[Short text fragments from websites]
○ ○ ○ ○ ○ ○ ○

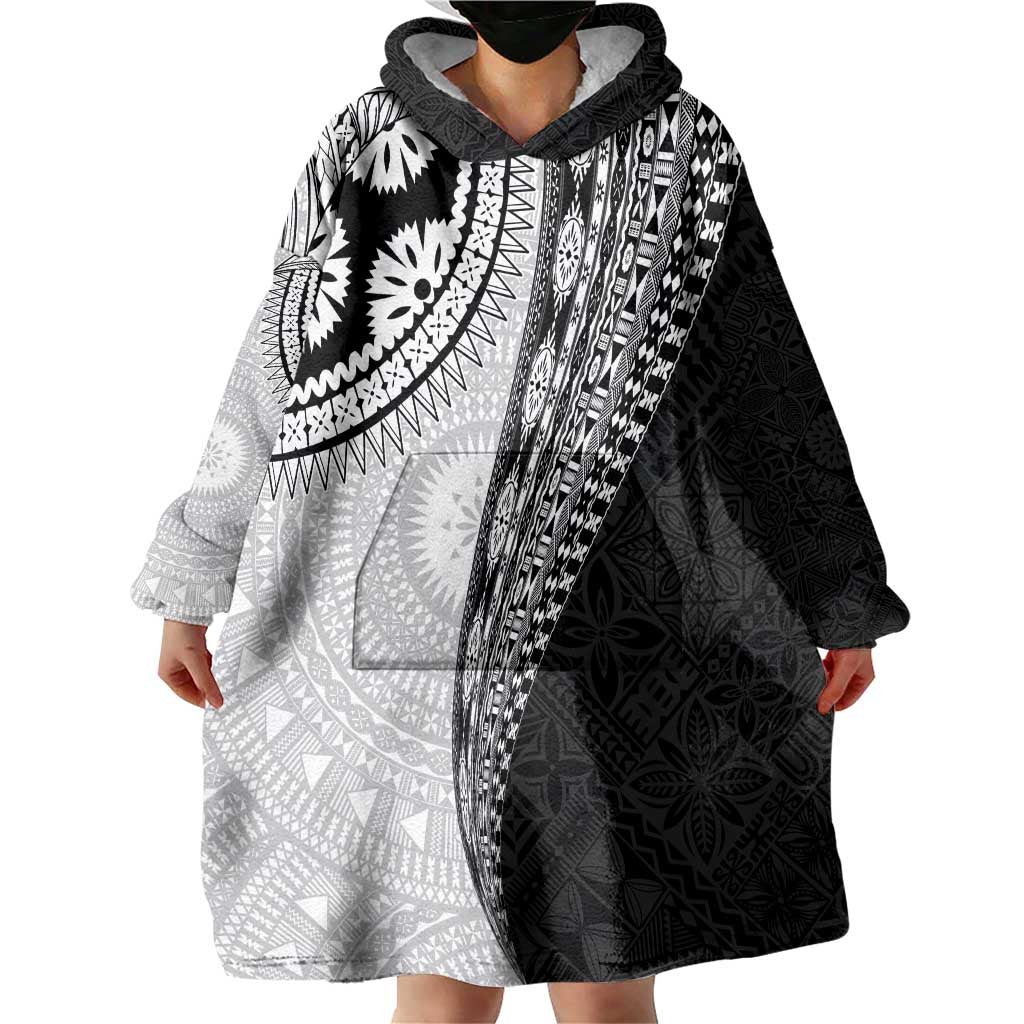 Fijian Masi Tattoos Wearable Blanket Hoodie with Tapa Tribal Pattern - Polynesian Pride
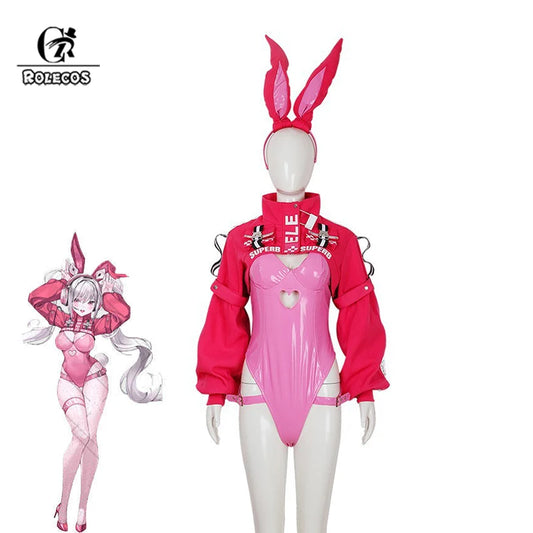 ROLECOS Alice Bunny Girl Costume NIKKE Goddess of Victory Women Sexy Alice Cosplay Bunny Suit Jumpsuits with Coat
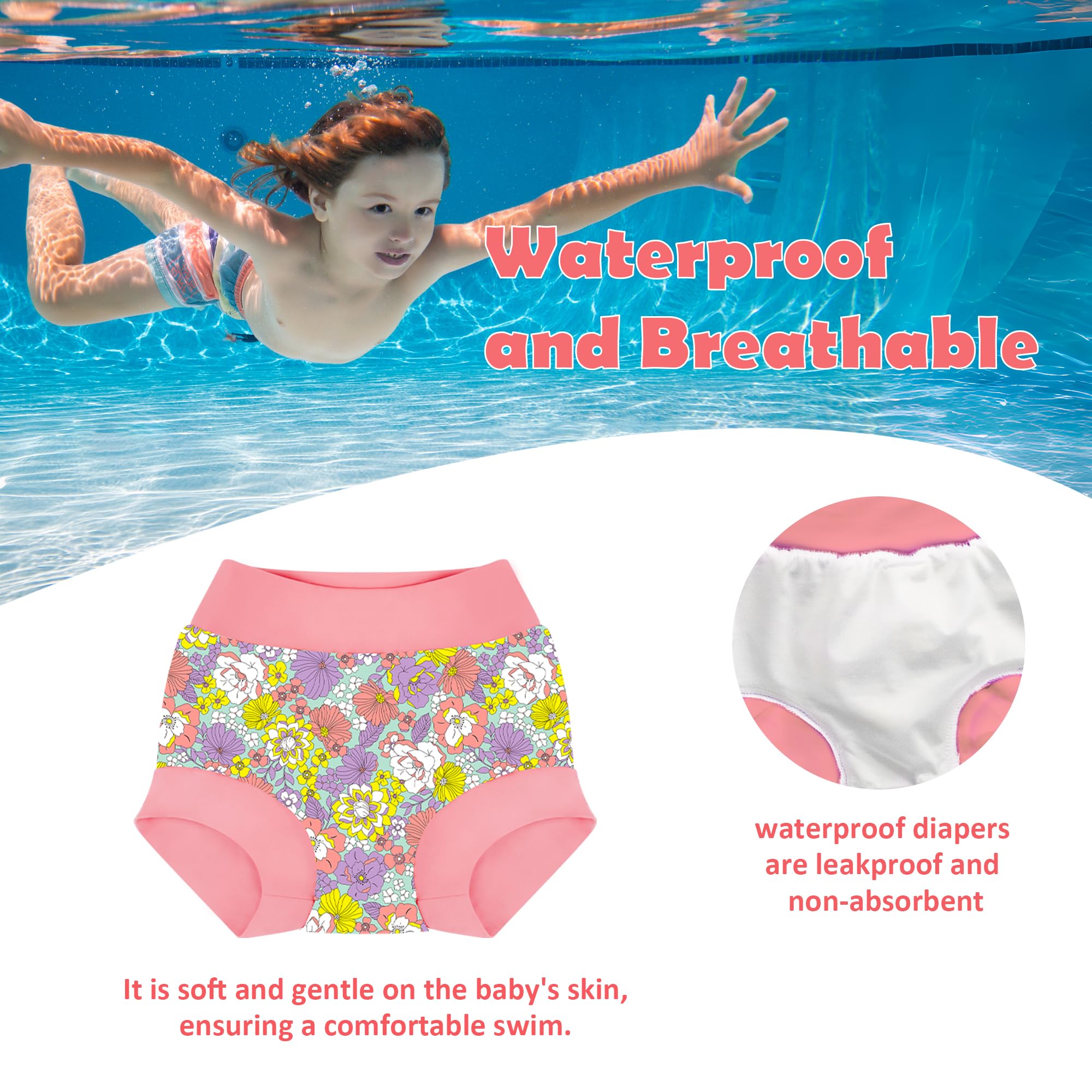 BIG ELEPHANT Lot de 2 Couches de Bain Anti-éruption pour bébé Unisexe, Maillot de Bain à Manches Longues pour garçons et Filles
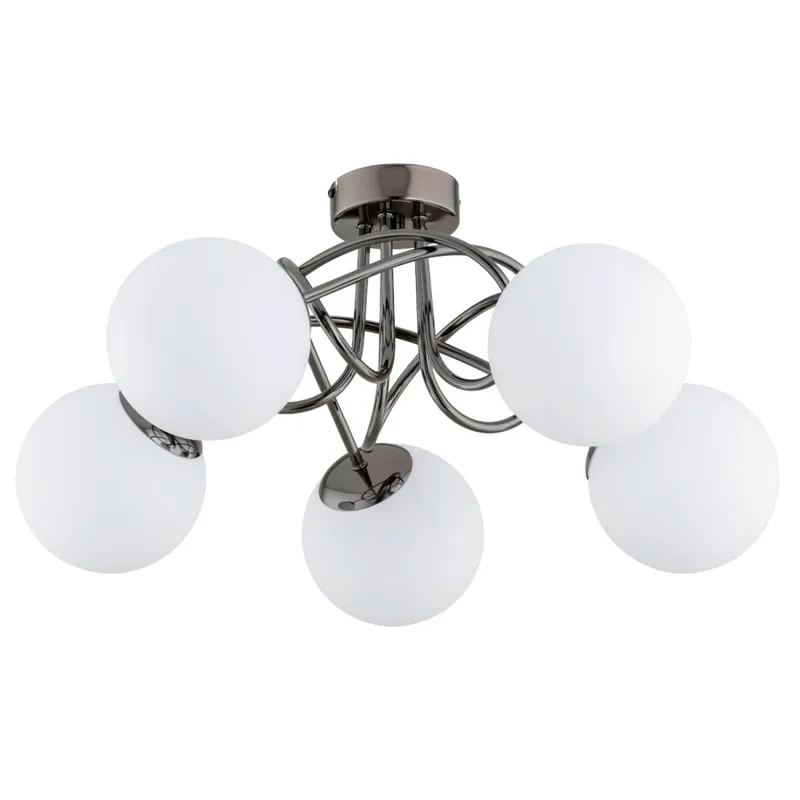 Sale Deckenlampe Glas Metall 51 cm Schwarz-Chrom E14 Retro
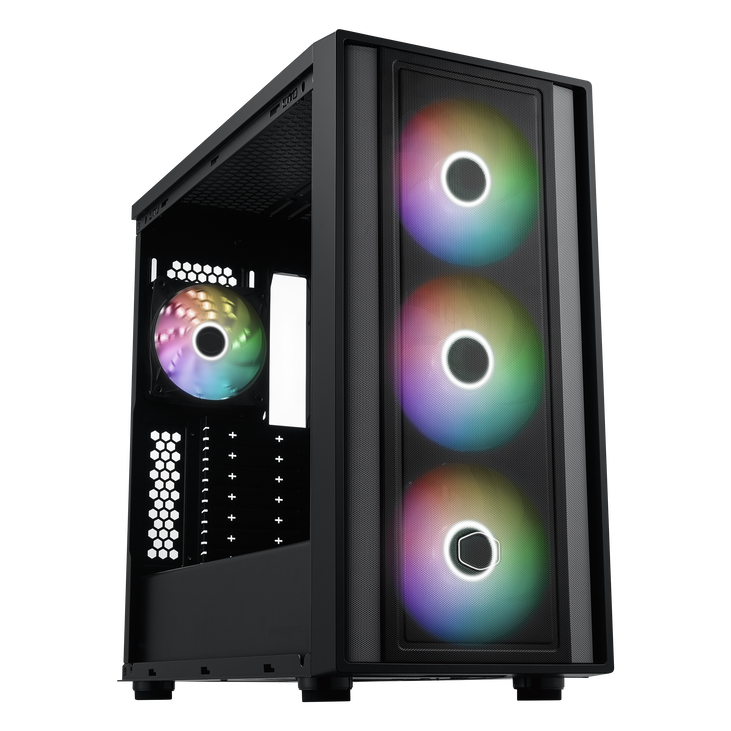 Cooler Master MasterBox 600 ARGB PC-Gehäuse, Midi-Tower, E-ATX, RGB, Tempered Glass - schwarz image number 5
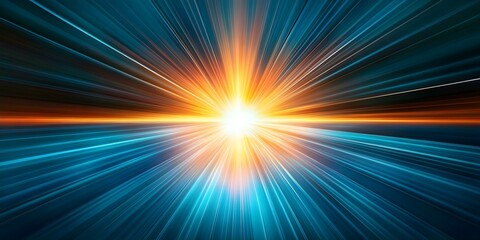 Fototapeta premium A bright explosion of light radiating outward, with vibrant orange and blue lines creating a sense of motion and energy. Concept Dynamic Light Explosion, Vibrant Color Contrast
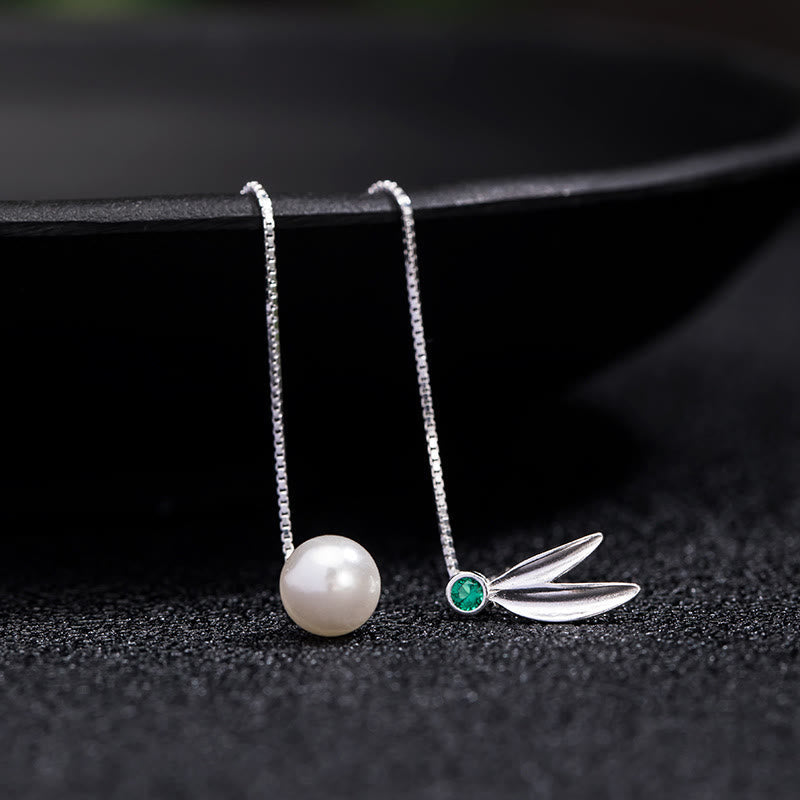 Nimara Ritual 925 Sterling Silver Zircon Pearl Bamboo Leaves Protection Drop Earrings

○ ○ ○ ○ ○ ○ ○

■ YOUR INSTRUCTIONS
Once the line containing "Fototapeta premium A" is located, write out exactly that line and each one after it to the end of the records above, excluding pictures and nothing else.

■ SOLUTION FOR THIS TASK
 Fototapeta premium A bright explosion of light radiating outward, with vibrant orange and blue lines creating a sense of motion and energy. Concept Dynamic Light Explosion, Vibrant Color Contrast
 Nimara Ritual 925 Sterling Silver Zircon Pearl Bamboo Leaves Protection Drop Earrings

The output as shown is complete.